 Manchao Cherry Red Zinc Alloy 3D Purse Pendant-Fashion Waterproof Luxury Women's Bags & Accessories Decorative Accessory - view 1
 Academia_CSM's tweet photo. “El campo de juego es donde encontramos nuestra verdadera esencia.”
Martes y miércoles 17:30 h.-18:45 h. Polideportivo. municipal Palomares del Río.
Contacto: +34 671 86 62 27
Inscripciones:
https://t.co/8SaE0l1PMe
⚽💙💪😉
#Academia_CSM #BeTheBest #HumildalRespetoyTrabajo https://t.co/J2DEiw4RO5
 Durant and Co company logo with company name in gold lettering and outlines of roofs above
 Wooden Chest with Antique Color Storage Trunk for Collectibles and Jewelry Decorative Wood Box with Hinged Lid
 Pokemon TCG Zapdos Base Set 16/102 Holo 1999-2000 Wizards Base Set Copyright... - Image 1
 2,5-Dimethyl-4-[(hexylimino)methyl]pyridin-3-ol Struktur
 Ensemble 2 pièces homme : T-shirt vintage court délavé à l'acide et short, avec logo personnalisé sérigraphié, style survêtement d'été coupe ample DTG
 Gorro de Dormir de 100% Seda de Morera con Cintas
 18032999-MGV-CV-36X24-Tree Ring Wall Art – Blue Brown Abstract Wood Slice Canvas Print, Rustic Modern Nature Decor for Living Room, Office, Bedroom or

....................

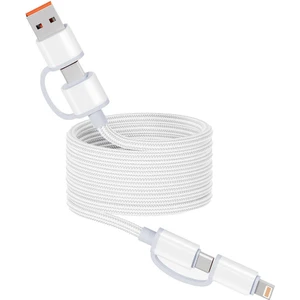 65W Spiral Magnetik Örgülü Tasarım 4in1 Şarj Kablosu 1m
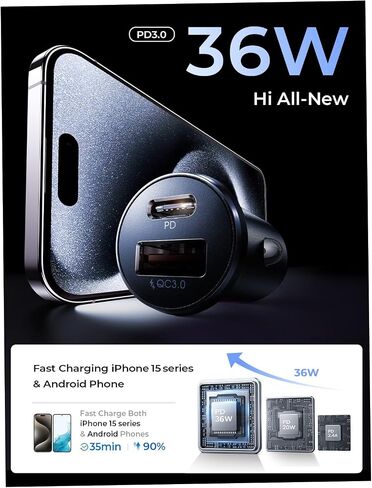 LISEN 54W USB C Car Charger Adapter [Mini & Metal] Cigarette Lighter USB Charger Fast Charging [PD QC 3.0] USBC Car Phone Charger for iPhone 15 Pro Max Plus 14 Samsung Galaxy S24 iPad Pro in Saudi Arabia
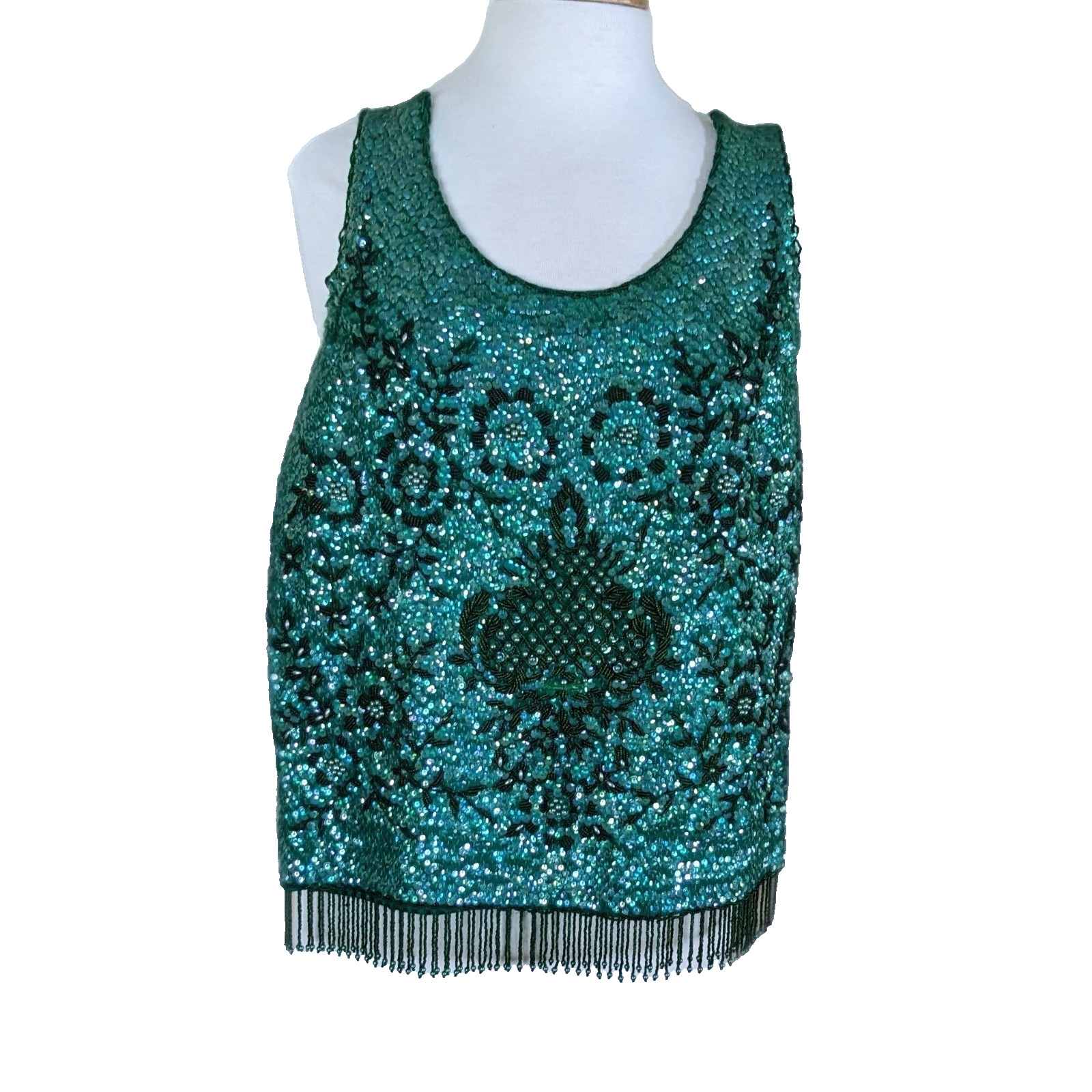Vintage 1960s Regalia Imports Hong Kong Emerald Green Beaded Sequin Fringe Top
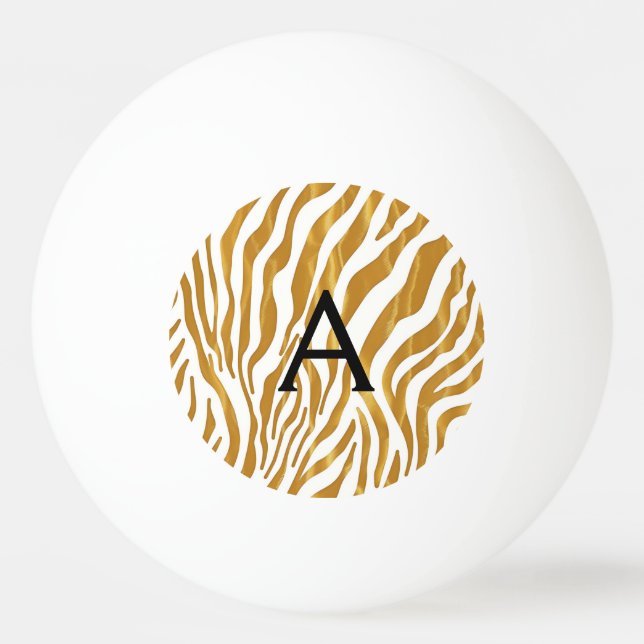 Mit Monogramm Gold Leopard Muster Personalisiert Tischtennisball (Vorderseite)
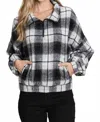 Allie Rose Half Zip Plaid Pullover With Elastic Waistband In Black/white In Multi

....................

**Directions for this task:**
Copy out, exactly and alone, the lines of the entries above between the ones holding "Pokemon TCG Zapdos" and "18032999-MGV-CV-36X24-Tree Ring Wall", inclusive.

**Solved exercise:**
 Pokemon TCG Zapdos Base Set 16/102 Holo 1999-2000 Wizards Base Set Copyright... - Image 1
 2,5-Dimethyl-4-[(hexylimino)methyl]pyridin-3-ol Struktur
 Ensemble 2 pièces homme : T-shirt vintage court délavé à l'acide et short, avec logo personnalisé sérigraphié, style survêtement d'été coupe ample DTG
 Gorro de Dormir de 100% Seda de Morera con Cintas
 18032999-MGV-CV-36X24-Tree Ring Wall Art – Blue Brown Abstract Wood Slice Canvas Print, Rustic Modern Nature Decor for Living Room, Office, Bedroom or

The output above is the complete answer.